Sanık Mehmet Toprak da FETÖ damgasının kendisi ve ailesini küçük düşürdüğünü belirterek "Benim dışarıdaki diğer Hava Harp Okulu öğrencilerinden tek farkım eğitim adıyla otobüse bindirilmemdi" dedi.
Savunmasını yapan Hava Harp Okulu öğrencisi Ahmet Hamdi Göçer, o gün için birlik içinde tek olağan dışı durumun Hava Kuvvetleri Komutanı Abidin Ünal'ın denetime gelmesi olduğunu söyledi.
MAHKEME BAŞKANI: 40 MERMİDEN ŞÜPHELENMEDİN Mİ?

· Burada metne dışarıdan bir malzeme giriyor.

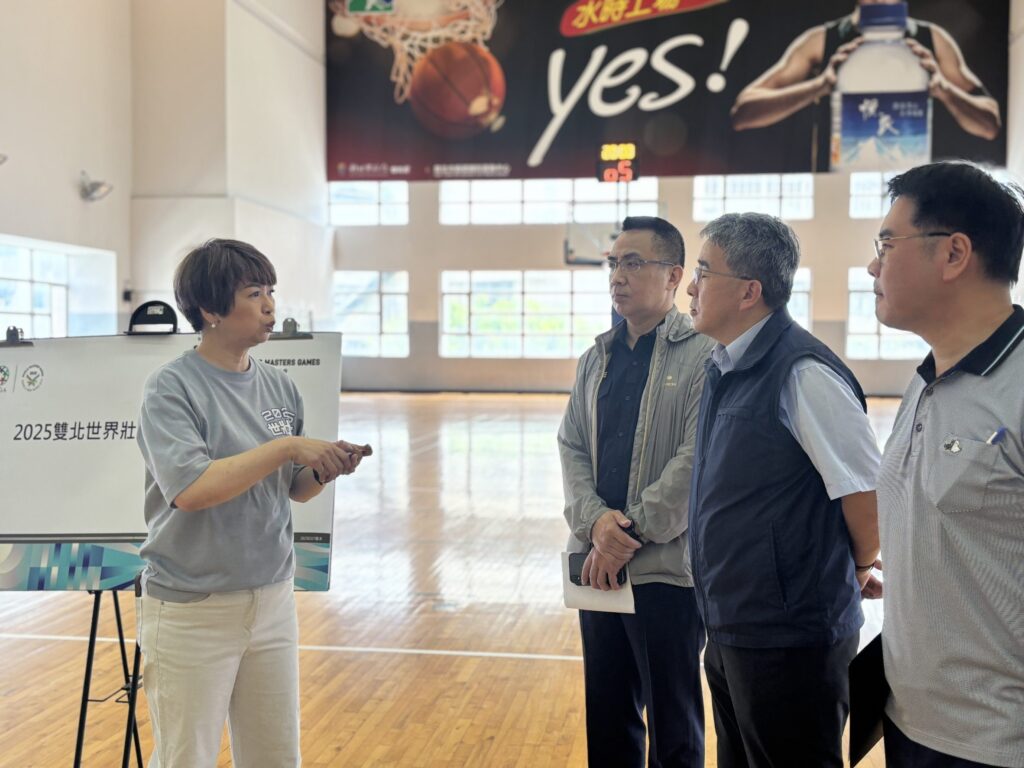 2025世壯運開賽倒數 新北副秘書長率隊到板橋運動中心3對3籃球場地總檢查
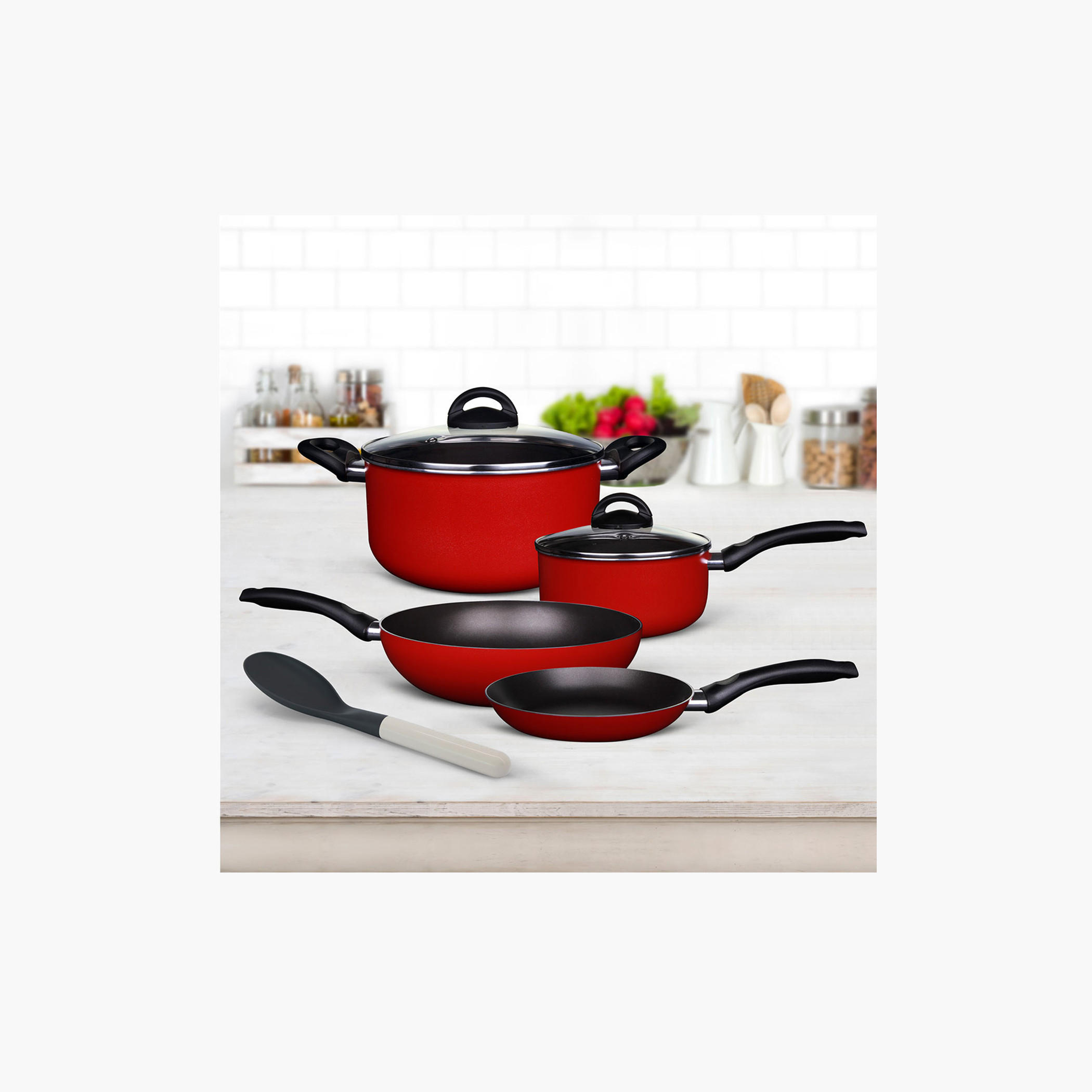 طقم أواني طهي ألومنيوم 7 قطع روسو من روسيتي-household-kitchen-cookware-cookwareandsets-image-1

Askeri öğrenci Berat Hüseyin Taştan da o gece emirler doğrultunda hareket ettiklerini, araçlara bindiklerini, mermileri aldıklarını, komutanların kendilerine "Uyuyun" emri verdiğini belirtti. Taştan, komutanlarından kimsenin ateş etmediğini ve FETÖ ile ilgili bir bağlantısının olmadığını ileri sürdü. Olay günü kendilerine iki şarjör mermi, yani 40 tane mermi verildiğini söylemesi üzerine Mahkeme Başkanı Hulusi Pur, "Daha önce hayatı idame eğitiminde 5 mermi yanınıza almışsınız. O gece 40 mermi verilmesinden şüphelenmediniz mi?" diye sordu. Sanık Taştan ise "Mermilerin sayısının değişmesi bu olayı anlayabileceğim anlamına gelmediği için şüphelenmedim. Ayrıca atış eğitimlerinde de 40 tane mermi veriliyordu" diye cevap verdi.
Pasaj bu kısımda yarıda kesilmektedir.